▶ _About this task_: In this exercise, print only the lines of the records below from the one with "granate hessonita Naranja" through the one with "Book Now at", inclusive. Pictures are not part of the copy.

▶ _Exercise material_:
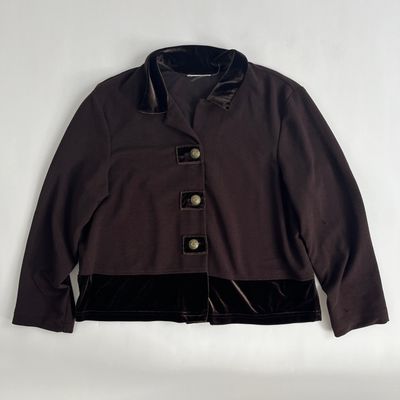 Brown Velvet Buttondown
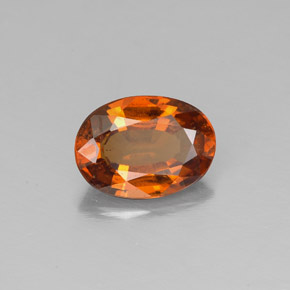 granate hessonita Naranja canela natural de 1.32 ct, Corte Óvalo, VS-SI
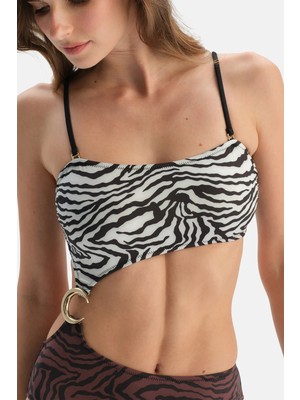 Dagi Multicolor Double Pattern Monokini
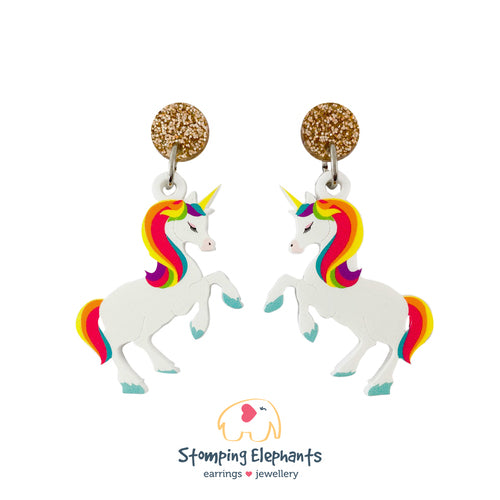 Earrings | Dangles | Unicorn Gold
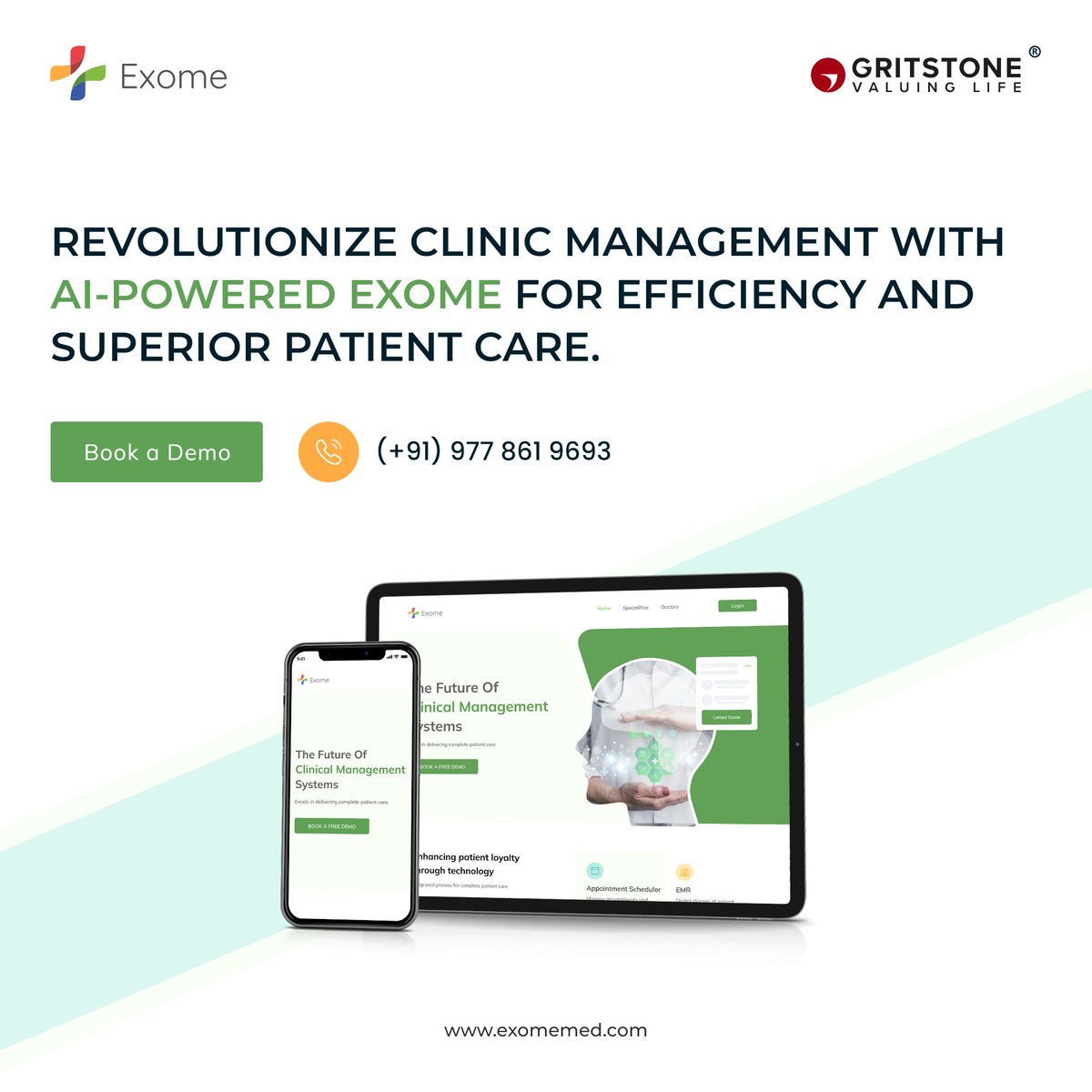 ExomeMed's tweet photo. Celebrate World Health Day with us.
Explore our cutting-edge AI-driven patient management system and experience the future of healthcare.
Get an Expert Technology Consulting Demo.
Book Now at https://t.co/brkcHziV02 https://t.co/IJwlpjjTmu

--

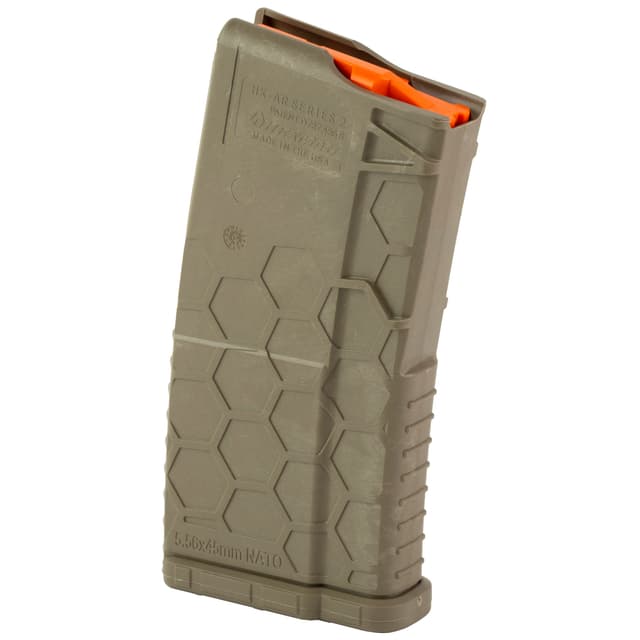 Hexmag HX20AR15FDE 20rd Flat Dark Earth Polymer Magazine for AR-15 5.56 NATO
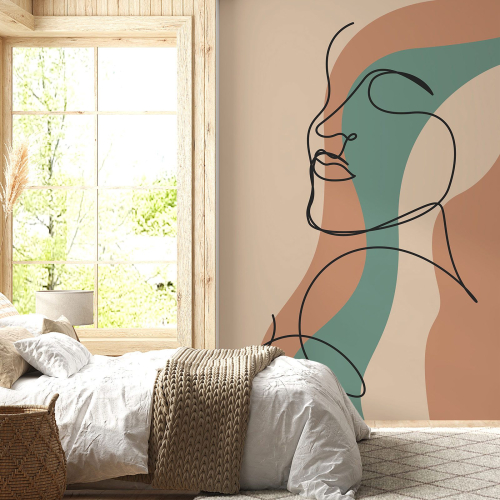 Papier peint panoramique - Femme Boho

▶ _Written answer_:
 granate hessonita Naranja canela natural de 1.32 ct, Corte Óvalo, VS-SI
 Dagi Multicolor Double Pattern Monokini
 Earrings | Dangles | Unicorn Gold
 ExomeMed's tweet photo. Celebrate World Health Day with us.
Explore our cutting-edge AI-driven patient management system and experience the future of healthcare.
Get an Expert Technology Consulting Demo.
Book Now at https://t.co/brkcHziV02 https://t.co/IJwlpjjTmu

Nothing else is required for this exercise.